Romans 11:28-29 As concerning the gospel, they are enemies for your sakes: but as touching the election, they are beloved for the fathers’ sakes. For the gifts and calling of God are irrevocable.
Even though Israel were/are ‘enemies’ they were/are still God’s elect. If God changed His mind about Israel what makes us think he won’t change His mind about us!
Let us look at the gifts given to Israel. 1) To whom belongs the adoption as sons: corporate Israel was elect as God’s firstborn son. Paul doesn’t say, To whom belonged but, To whom belong. 2) And the glory: the very glory and presence of God (the Shekinah) which dwelt in the tabernacle and in Solomon’s Tempe. 3) And the covenants: we tend to think of an Old and New Covenant. However there are a number of covenants in the ‘Old’ Testament, such as the covenants with Abraham, Israel at Sinai, and David. In fact, even the New Covenant is included in the ‘Old’ Testament (Jeremiah 31:31-34). Together these covenants are the vehicle by which God has revealed his plan of redemption. 4) And the giving of the law: Paul clearly understood the Law to be God given. 5) The temple service: which represented the true worship of God. 6) And the promises: the promises given to Abraham, and the prophets, concerning the coming Messiah, the outpouring of the Spirit, and the coming kingdom of God. 7) Whose are the patriarchs: Abraham, Isaac and Jacob. 8) And from whom is the Messiah according to the flesh: that is Jesus!
The point is that even in unbelief God did not and has not withdrawn his gifts and calling from Israel. This should encourage us that God’s plan for us depends not on us, but entirely on God’s faithfulness. Nevertheless we will miss out on God’s blessings if we turn away in unbelief. That Israel was in unbelief was a source of great grief to Paul.

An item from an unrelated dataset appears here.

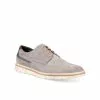 Derbies GRIS DENIM SIDE CUIR -Mocassins et bateaux boutique derbies gris denim side cuir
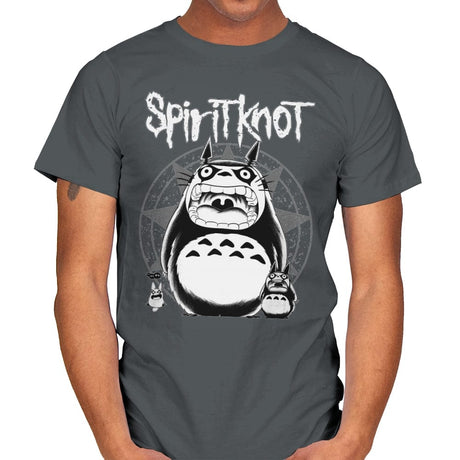 Spiritknot - Mens T-Shirts RIPT Apparel Small / Charcoal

Romans 9:1-3 I say the truth in Christ, I lie not, my conscience also bearing me witness in the Holy Ghost, that I have great heaviness and continual sorrow in my heart. For I could wish that myself were accursed from Christ for my brethren, my kinsmen according to the flesh.
This is similar to the way Jesus felt when he wept over the city of Jerusalem (Luke 19:41-42).
In chapter 8 Paul pointed out that there is nothing in all creation that can separate us from the love of God in Jesus. Yet a few moments later he wishes himself separated, if only it could in some way achieve salvation for his own people Israel. That is a burden for souls! Paul felt something of God’s love for Israel (Hosea 11:1-2). Unfortunately, by and large, this heart for God’s people Israel has not been shared by the church, and we can say that anti-Semitism in the church, historically and today, has been nothing but a disgrace.
But God’s love extends to the whole world (John 3:16). Do we feel something of God’s heart for loved ones, friends and neighbours? This only begins in prayer. My prayer is that at the beginning of 2017 God would work in our lives in a new and deeper way to give us a heart for prayer. I pray also that God will stir up the gifts in us, which he won’t take away(!), but can lie dormant and unused. This is vital in these days as I think it is probably not an exaggeration to say that God is preparing His people for the coming of the Lord!